We are all aware of the important role played by National Olympic Committees and National Olympic Academies. In particular, the National Olympic Academies should play a very important role in their respective countries, not only for the education of the youth, but also for the education of sports officials. Our annual meeting, here at the Academy, aims at strengthening an international network of exchange of information and views on the pedagogical orientation we should all follow in order to tackle the problems that the international sports movement faces today. We all know what these problems are, especially those that are predominant: the political and economic exploitation of the sports product, doping, the distortion of the meaning of competition, as well as the inadequate education of young people in the values of Olympism.

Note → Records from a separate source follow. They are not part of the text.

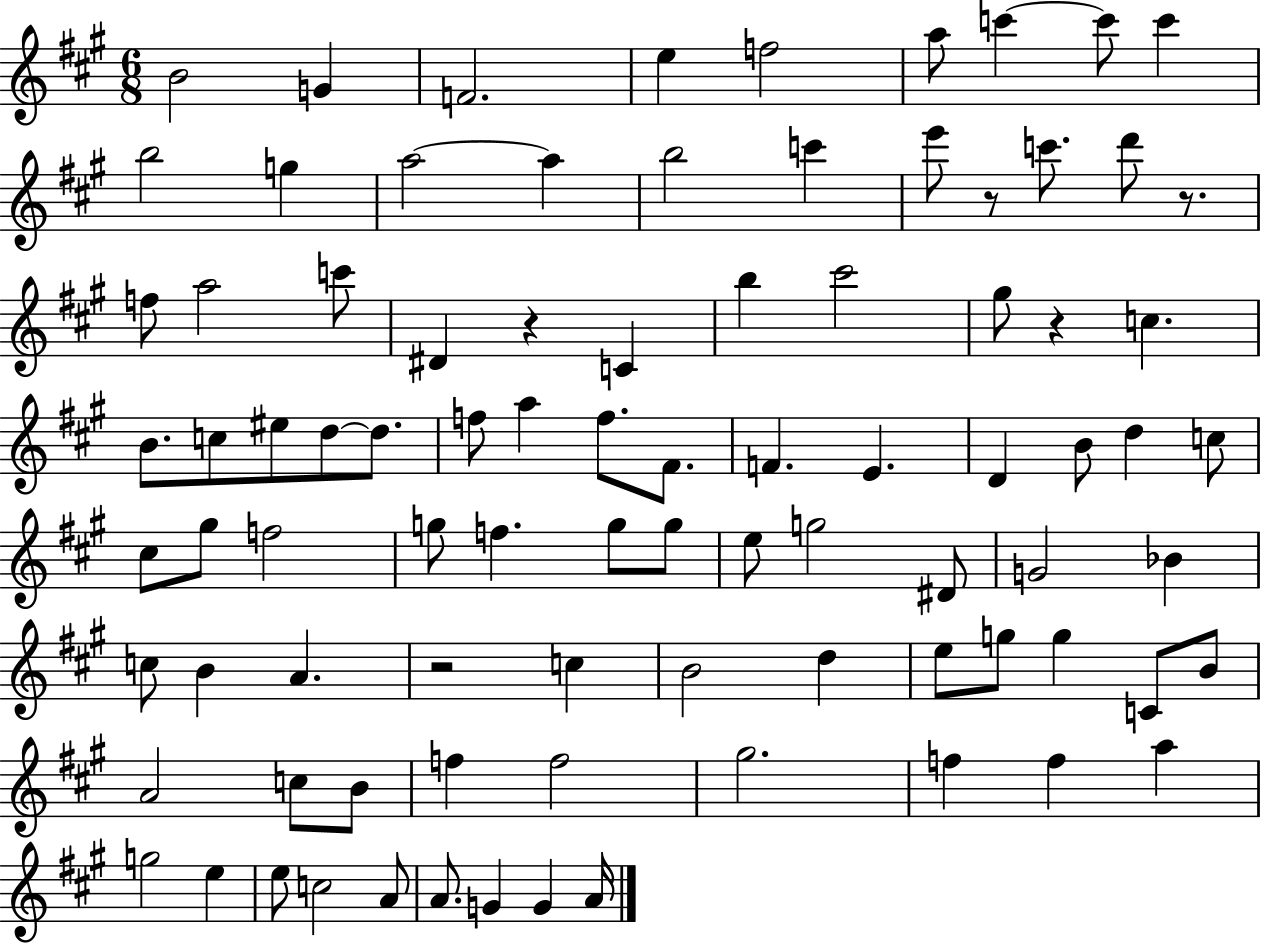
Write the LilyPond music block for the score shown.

{
  \clef treble
  \numericTimeSignature
  \time 6/8
  \key a \major
  b'2 g'4 | f'2. | e''4 f''2 | a''8 c'''4~~ c'''8 c'''4 | \break b''2 g''4 | a''2~~ a''4 | b''2 c'''4 | e'''8 r8 c'''8. d'''8 r8. | \break f''8 a''2 c'''8 | dis'4 r4 c'4 | b''4 cis'''2 | gis''8 r4 c''4. | \break b'8. c''8 eis''8 d''8~~ d''8. | f''8 a''4 f''8. fis'8. | f'4. e'4. | d'4 b'8 d''4 c''8 | \break cis''8 gis''8 f''2 | g''8 f''4. g''8 g''8 | e''8 g''2 dis'8 | g'2 bes'4 | \break c''8 b'4 a'4. | r2 c''4 | b'2 d''4 | e''8 g''8 g''4 c'8 b'8 | \break a'2 c''8 b'8 | f''4 f''2 | gis''2. | f''4 f''4 a''4 | \break g''2 e''4 | e''8 c''2 a'8 | a'8. g'4 g'4 a'16 | \bar "|."
}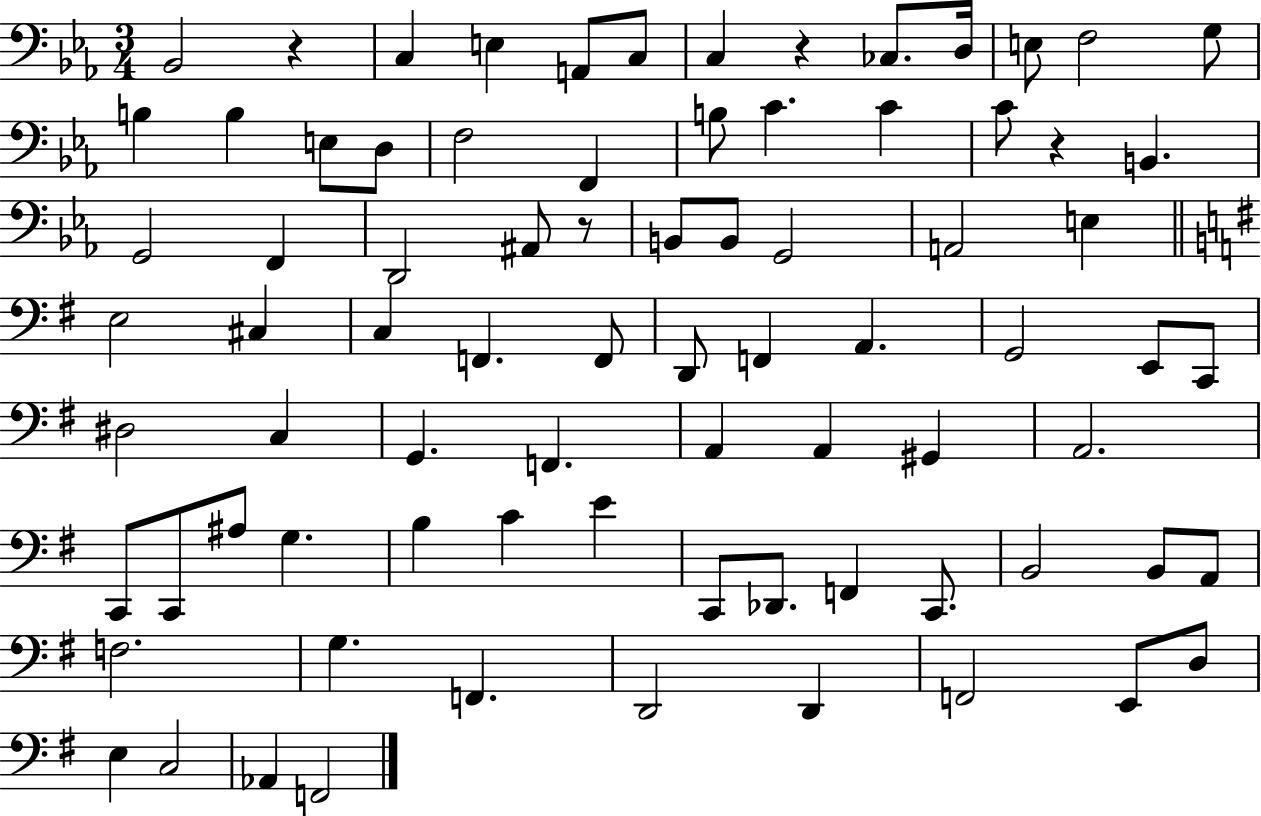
X:1
T:Untitled
M:3/4
L:1/4
K:Eb
_B,,2 z C, E, A,,/2 C,/2 C, z _C,/2 D,/4 E,/2 F,2 G,/2 B, B, E,/2 D,/2 F,2 F,, B,/2 C C C/2 z B,, G,,2 F,, D,,2 ^A,,/2 z/2 B,,/2 B,,/2 G,,2 A,,2 E, E,2 ^C, C, F,, F,,/2 D,,/2 F,, A,, G,,2 E,,/2 C,,/2 ^D,2 C, G,, F,, A,, A,, ^G,, A,,2 C,,/2 C,,/2 ^A,/2 G, B, C E C,,/2 _D,,/2 F,, C,,/2 B,,2 B,,/2 A,,/2 F,2 G, F,, D,,2 D,, F,,2 E,,/2 D,/2 E, C,2 _A,, F,,2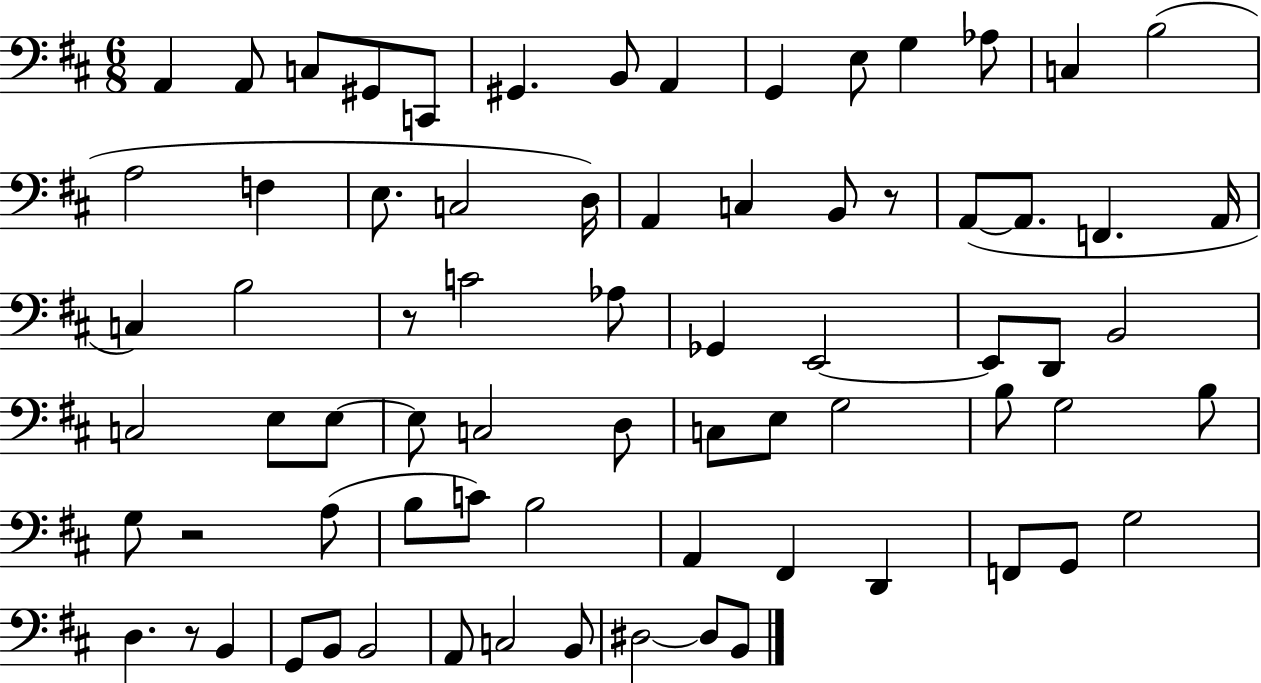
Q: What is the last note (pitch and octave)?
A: B2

If we add to these problems, the world economic crisis and, more generally, the crisis of humanistic values, we have one additional reason to review and redefine the roles that we all have, through the administration of sports and what we offer to society but, above all, through education, since it is education that lays the foundations that will allow us to bring about major changes in our daily life. We have to admit, though, that the seeds of education take a lot of time before they bear fruit. This is why, quite often, societies prefer to choose the easier solution. They prefer to opt for more direct means of propagating behavior models and rules among youth and, in general, among athletes and young people.

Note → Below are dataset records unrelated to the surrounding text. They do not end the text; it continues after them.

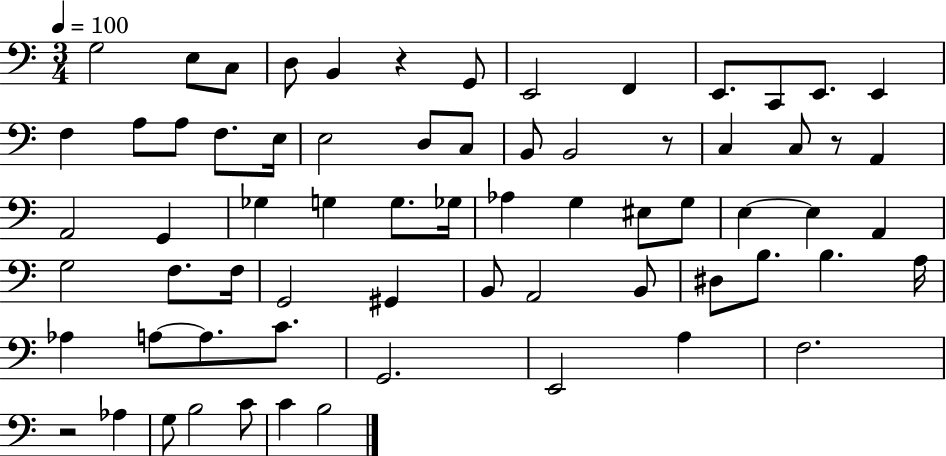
G3/h E3/e C3/e D3/e B2/q R/q G2/e E2/h F2/q E2/e. C2/e E2/e. E2/q F3/q A3/e A3/e F3/e. E3/s E3/h D3/e C3/e B2/e B2/h R/e C3/q C3/e R/e A2/q A2/h G2/q Gb3/q G3/q G3/e. Gb3/s Ab3/q G3/q EIS3/e G3/e E3/q E3/q A2/q G3/h F3/e. F3/s G2/h G#2/q B2/e A2/h B2/e D#3/e B3/e. B3/q. A3/s Ab3/q A3/e A3/e. C4/e. G2/h. E2/h A3/q F3/h. R/h Ab3/q G3/e B3/h C4/e C4/q B3/h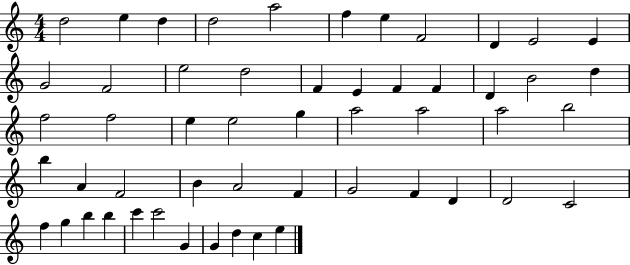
X:1
T:Untitled
M:4/4
L:1/4
K:C
d2 e d d2 a2 f e F2 D E2 E G2 F2 e2 d2 F E F F D B2 d f2 f2 e e2 g a2 a2 a2 b2 b A F2 B A2 F G2 F D D2 C2 f g b b c' c'2 G G d c e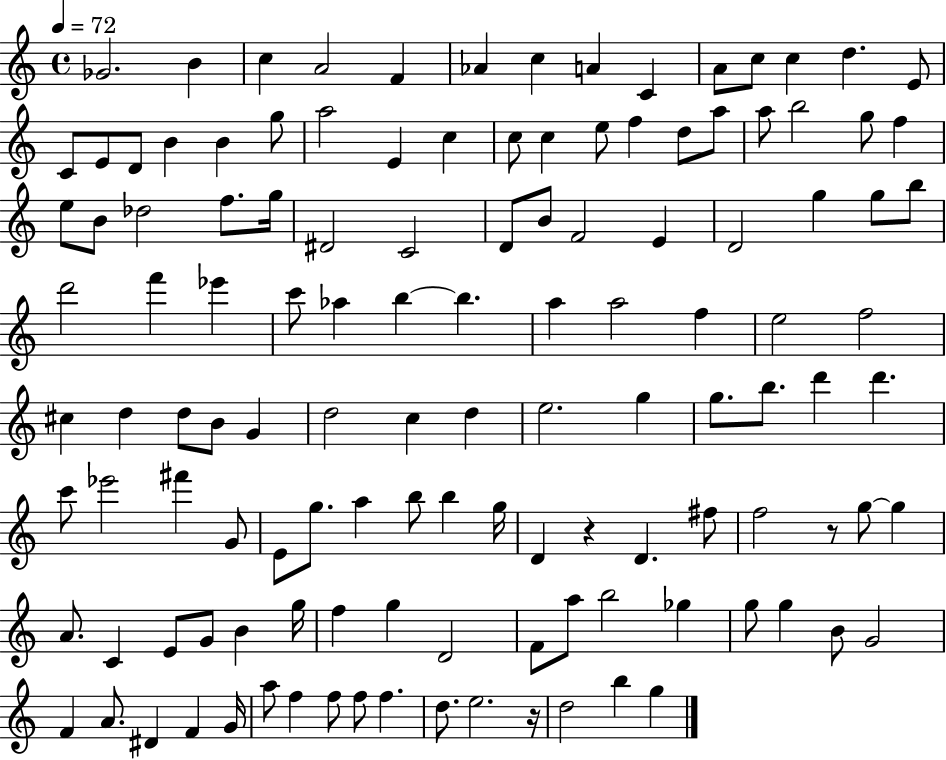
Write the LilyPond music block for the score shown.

{
  \clef treble
  \time 4/4
  \defaultTimeSignature
  \key c \major
  \tempo 4 = 72
  ges'2. b'4 | c''4 a'2 f'4 | aes'4 c''4 a'4 c'4 | a'8 c''8 c''4 d''4. e'8 | \break c'8 e'8 d'8 b'4 b'4 g''8 | a''2 e'4 c''4 | c''8 c''4 e''8 f''4 d''8 a''8 | a''8 b''2 g''8 f''4 | \break e''8 b'8 des''2 f''8. g''16 | dis'2 c'2 | d'8 b'8 f'2 e'4 | d'2 g''4 g''8 b''8 | \break d'''2 f'''4 ees'''4 | c'''8 aes''4 b''4~~ b''4. | a''4 a''2 f''4 | e''2 f''2 | \break cis''4 d''4 d''8 b'8 g'4 | d''2 c''4 d''4 | e''2. g''4 | g''8. b''8. d'''4 d'''4. | \break c'''8 ees'''2 fis'''4 g'8 | e'8 g''8. a''4 b''8 b''4 g''16 | d'4 r4 d'4. fis''8 | f''2 r8 g''8~~ g''4 | \break a'8. c'4 e'8 g'8 b'4 g''16 | f''4 g''4 d'2 | f'8 a''8 b''2 ges''4 | g''8 g''4 b'8 g'2 | \break f'4 a'8. dis'4 f'4 g'16 | a''8 f''4 f''8 f''8 f''4. | d''8. e''2. r16 | d''2 b''4 g''4 | \break \bar "|."
}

But this is the mistake for which we all have to pay, in all areas. The world Olympic and sports family has the duty to persist and to further and support Olympic education. Education takes time before it bears fruit. However, the changes that will take place, eventually, in societies underpinned by a sound education system will be so important that they will lead to the creation of a healthy structure governed by stable rules and humanistic values.
The International Olympic Committee, through its Charter, entrusts to National Olympic Committees the mission of propagating the principles of Olympism in each country. This is a very distinct and extremely important mission.

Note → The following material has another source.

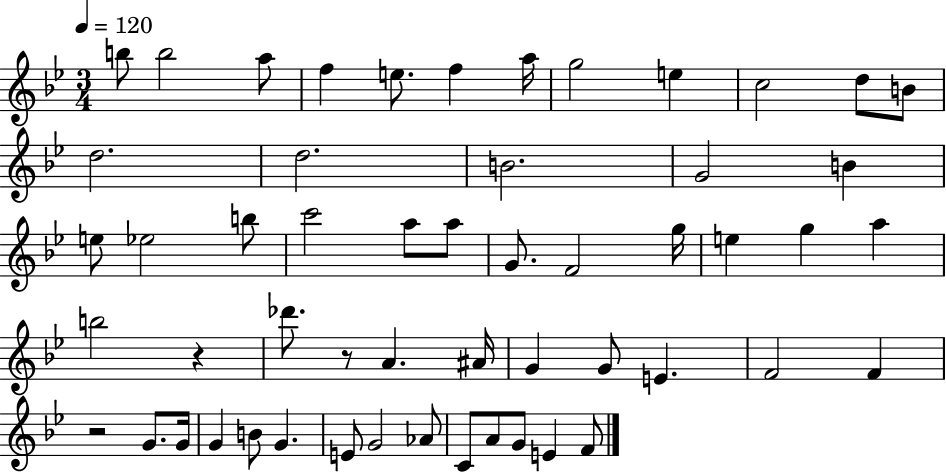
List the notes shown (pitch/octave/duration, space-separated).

B5/e B5/h A5/e F5/q E5/e. F5/q A5/s G5/h E5/q C5/h D5/e B4/e D5/h. D5/h. B4/h. G4/h B4/q E5/e Eb5/h B5/e C6/h A5/e A5/e G4/e. F4/h G5/s E5/q G5/q A5/q B5/h R/q Db6/e. R/e A4/q. A#4/s G4/q G4/e E4/q. F4/h F4/q R/h G4/e. G4/s G4/q B4/e G4/q. E4/e G4/h Ab4/e C4/e A4/e G4/e E4/q F4/e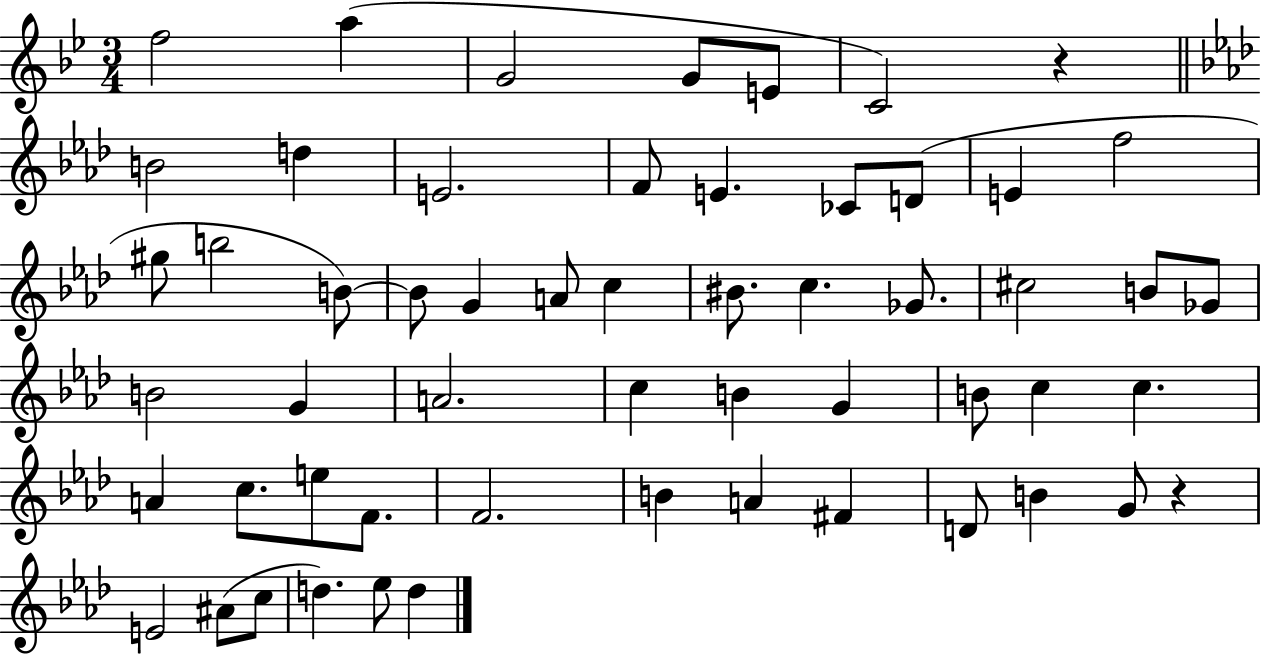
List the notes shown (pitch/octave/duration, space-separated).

Each National Olympic Committee, in order to comply with its obligations, cooperates directly or, to be more realistic, I should say, must cooperate with the National Olympic Academy of each country that forms, or to be more realistic once again, I should say, must form an integral part of the NOC’s structure. Even when a National Academy operates outside the IOC’s legal and organizational framework, close cooperation and mutual recognition of the two institutions are a prerequisite for the attainment of their common goal which is the propagation of Olympism in the whole world.
From this rostrum, we have often heard that National Olympic Academies should be independent and self-governing because of the very important cultural value of their mission.
Allow me here to take a stand since my role of President of the International Olympic Academy, the umbrella institution for the individual activities of the NOAs, is extremely sensitive and delicate. The two words we often hear in this hall, “independence” and “autonomy,” might lead to erroneous interpretations.
It is obvious that National Olympic Academies must diligently preserve their independence in order to contribute, in the most efficient way, to the free movement of ideas and opinions and thus facilitate the propagation of the Olympic principles, a task that a technocratic organization like the NOC cannot easily perform nowadays.
Such independence, however, should not be confused with the concept of autonomy in the case of a National Olympic Academy, a concept that can easily be misconstrued, thus leading to the total separation of the Olympic Academy from the NOC. And, in order to be more realistic, for a third time, I would say that this would not be compatible with the objectives and principles of the Olympic Movement.
Admittedly, without the independent forum provided by each National Olympic Academy, the ideas of Olympism would shrink and often lose their meaning, sacrificed on the altar of opportunism. It is, however, also certain that without the NOC’s and the IOC’s organizational and financial support to the National Academy, the role of this educational institution would be reduced and run the risk of losing its real purpose.
For all the above reasons, we should all seek to create an appropriate climate that will enable all National Olympic Academies to find a “modus vivendi” where it does not already exist, a way of coexisting with the NOCs, that will make them stronger and help them protect their independent voices, as well as survive in the vast structure of the Olympic Movement.
Dear friends, the Olympic ideals represent today, more than ever before probably, a pedagogical orientation for world youth that shapes the thinking, the intellectual process, and behavior of the young people on this planet. To achieve this objective, the International Olympic Committee, the International Olympic Academy, National Olympic Academies and National Olympic Committees must coordinate their actions and work together with the view to promoting and preserving these pedagogical values.
These ideas, however, are not enough on their own. As the author Nikos Kazantzakis once said, “There are no ideas – there are only men who carry ideas – and these ideas rise to the level of the man who carries them.”
I want to close this opening address with this phrase and encourage you to reflect once again on what we want our lives to be and our roles and duties towards young people and young athletes. If we can really do something for them, let us do it with generosity since, anyway, our lives too are God’s gift to all of us.